## Data under study:
- Opening Delimiter -

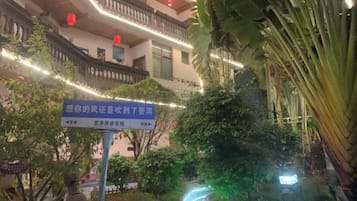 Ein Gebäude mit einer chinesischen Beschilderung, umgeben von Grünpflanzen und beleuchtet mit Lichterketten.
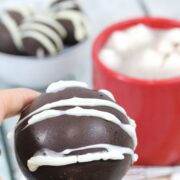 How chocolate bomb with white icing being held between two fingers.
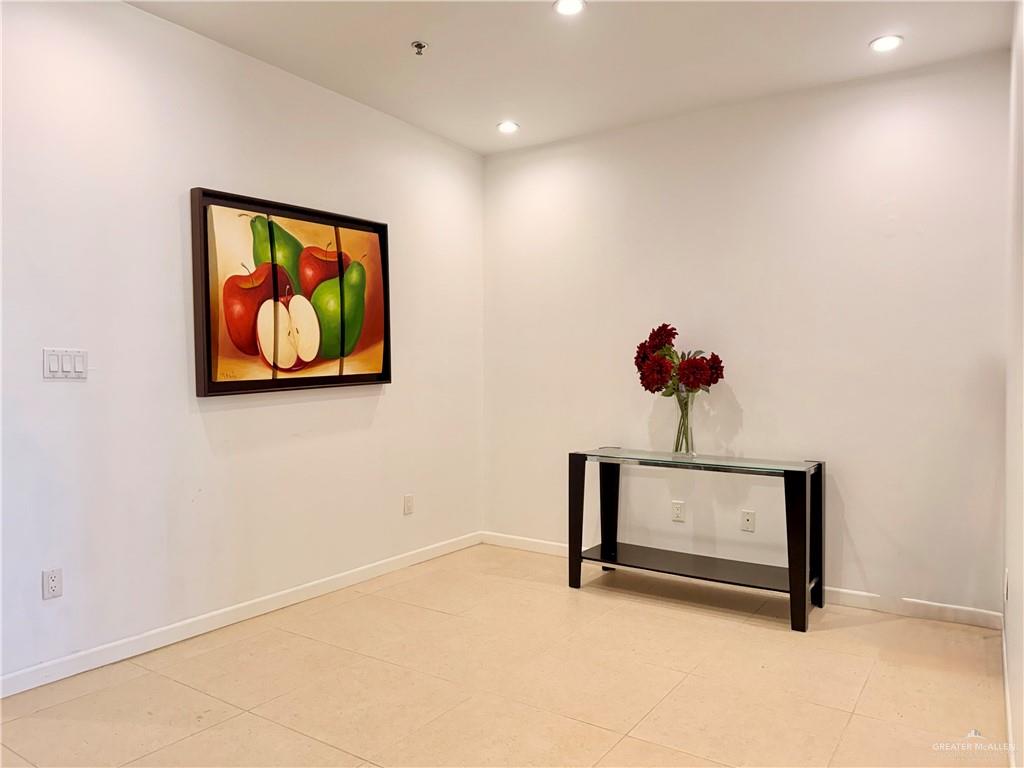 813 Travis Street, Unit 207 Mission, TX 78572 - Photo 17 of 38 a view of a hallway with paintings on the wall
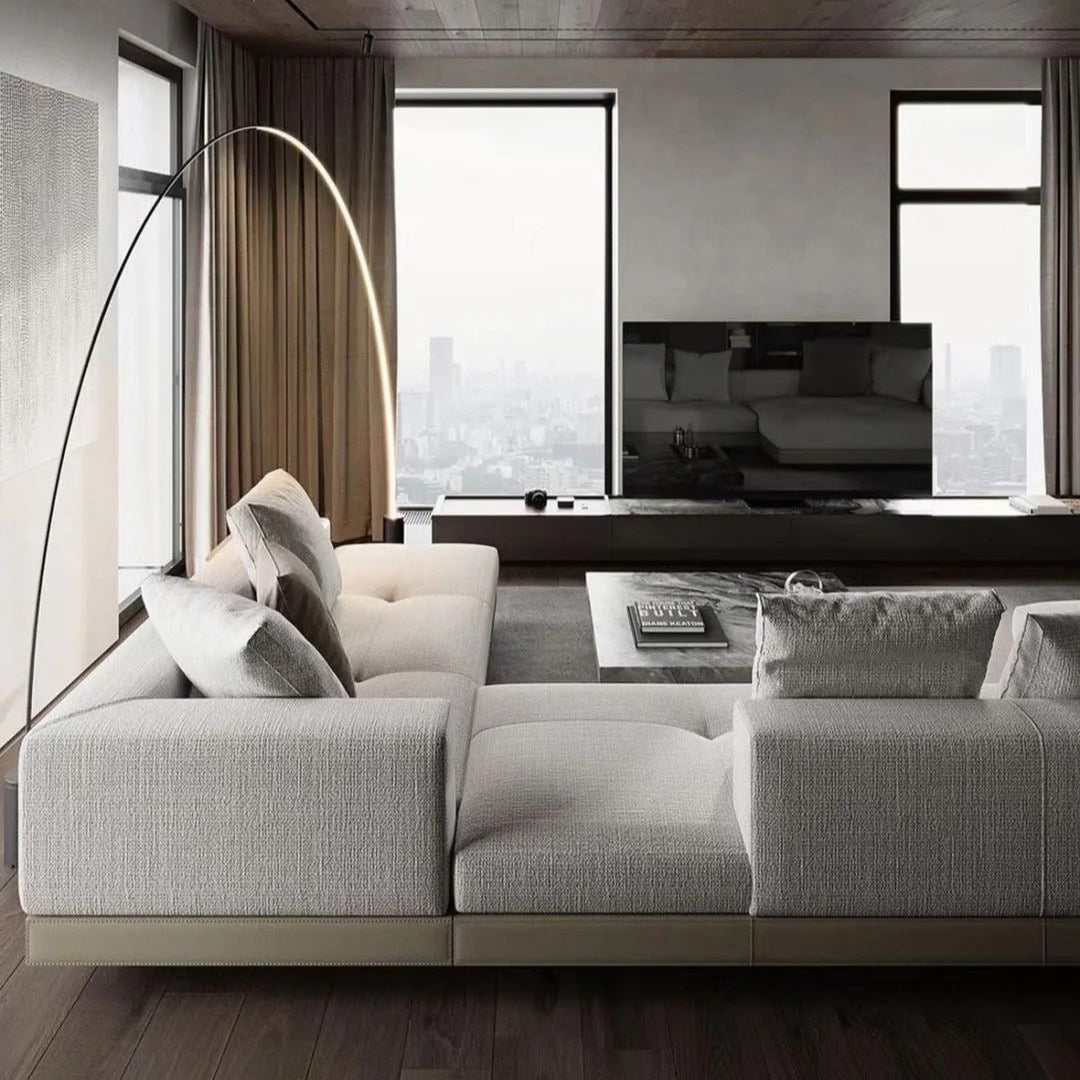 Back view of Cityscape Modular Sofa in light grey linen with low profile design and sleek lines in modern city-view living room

- Closing Delimiter -
- Opening Delimiter -

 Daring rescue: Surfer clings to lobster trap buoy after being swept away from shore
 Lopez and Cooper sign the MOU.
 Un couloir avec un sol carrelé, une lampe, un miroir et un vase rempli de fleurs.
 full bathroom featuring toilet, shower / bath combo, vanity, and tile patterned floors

- Closing Delimiter -
- Opening Delimiter -

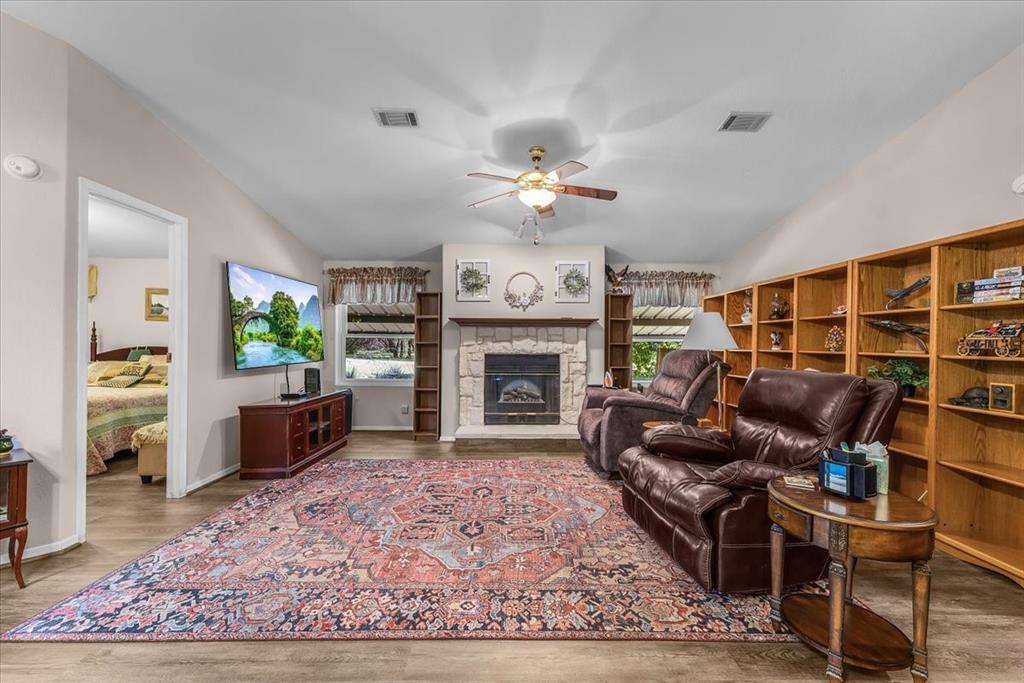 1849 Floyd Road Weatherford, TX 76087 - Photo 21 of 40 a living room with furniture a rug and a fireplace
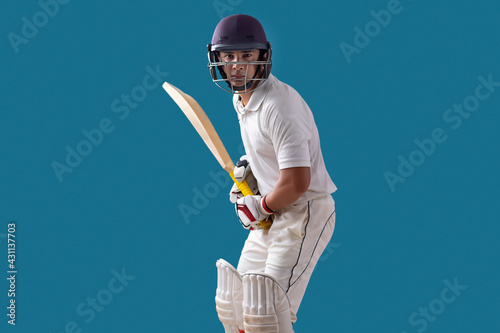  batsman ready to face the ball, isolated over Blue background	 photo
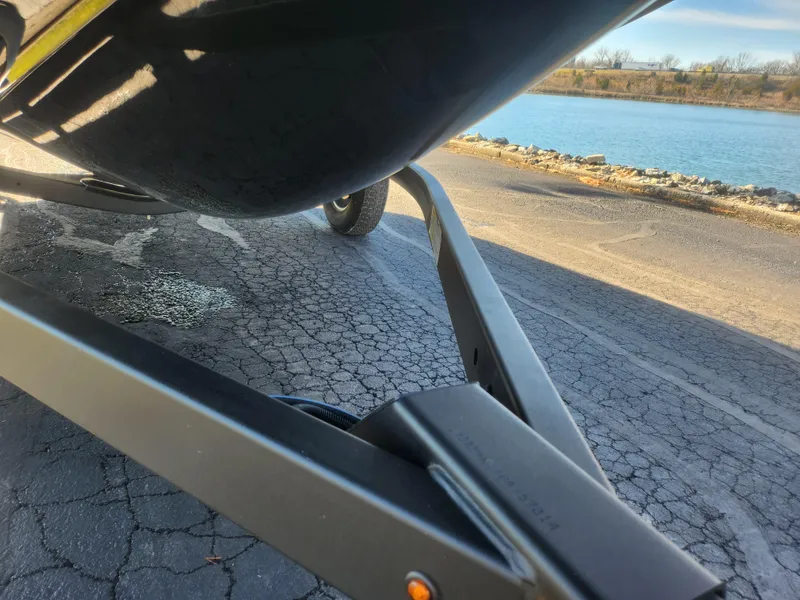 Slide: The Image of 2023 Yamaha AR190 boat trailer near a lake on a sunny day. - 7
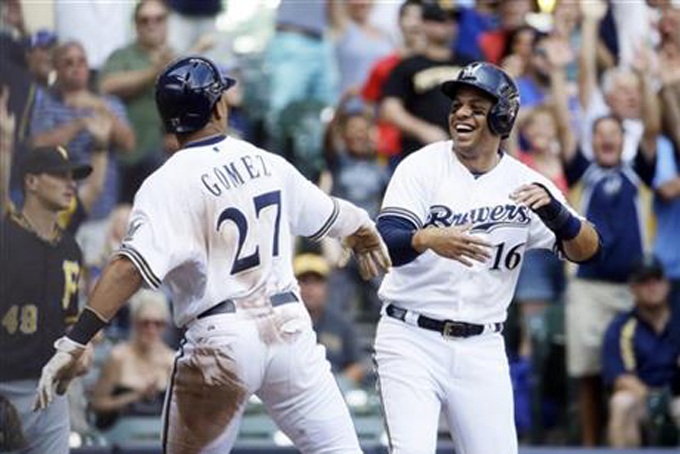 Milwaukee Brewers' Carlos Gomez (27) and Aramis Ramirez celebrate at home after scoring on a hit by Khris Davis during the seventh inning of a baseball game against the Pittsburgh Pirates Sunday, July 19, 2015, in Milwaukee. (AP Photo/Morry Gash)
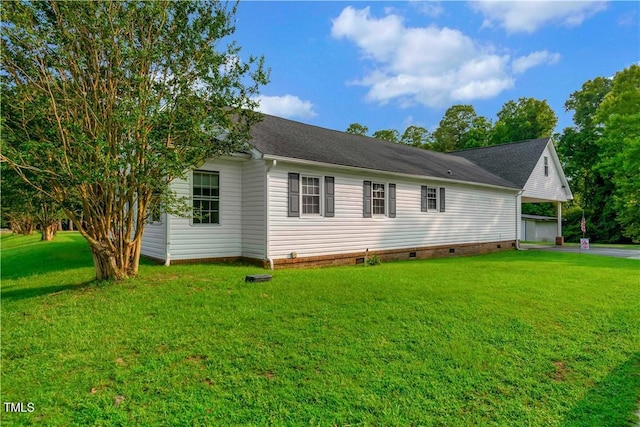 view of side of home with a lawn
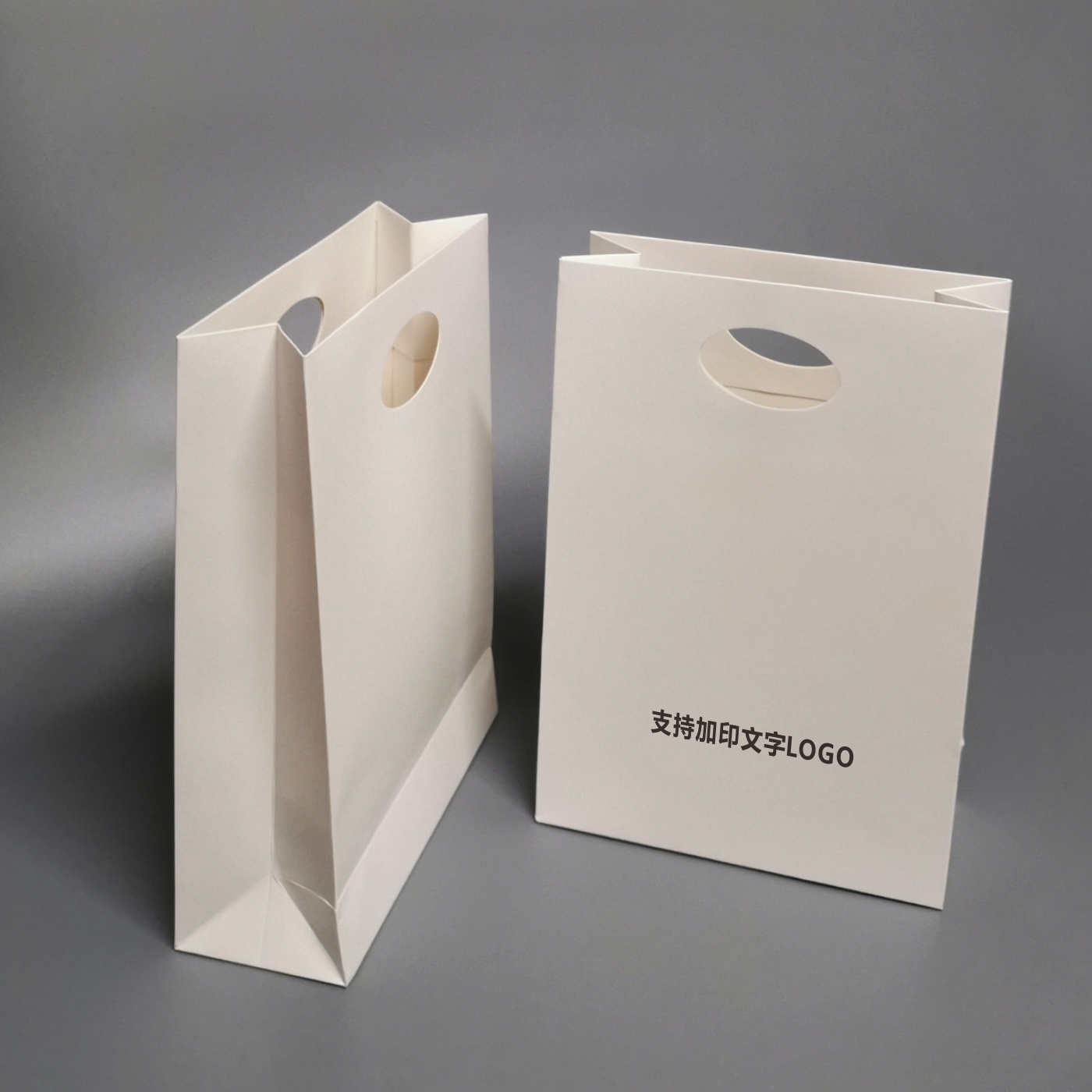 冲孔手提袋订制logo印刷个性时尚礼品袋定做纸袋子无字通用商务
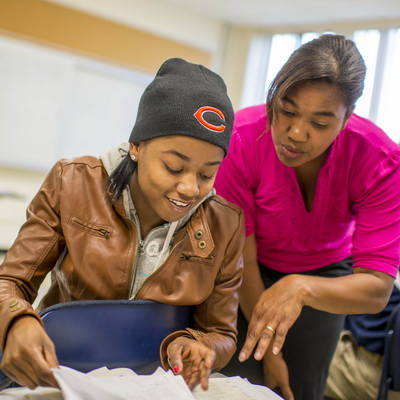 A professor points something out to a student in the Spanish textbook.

- Closing Delimiter -

## What needs to be done:
When you reach the line in the material above that holds "Daring rescue: Surfer", begin reproducing lines exactly, and stop after the line that holds "full bathroom featuring".

## Output:
 Daring rescue: Surfer clings to lobster trap buoy after being swept away from shore
 Lopez and Cooper sign the MOU.
 Un couloir avec un sol carrelé, une lampe, un miroir et un vase rempli de fleurs.
 full bathroom featuring toilet, shower / bath combo, vanity, and tile patterned floors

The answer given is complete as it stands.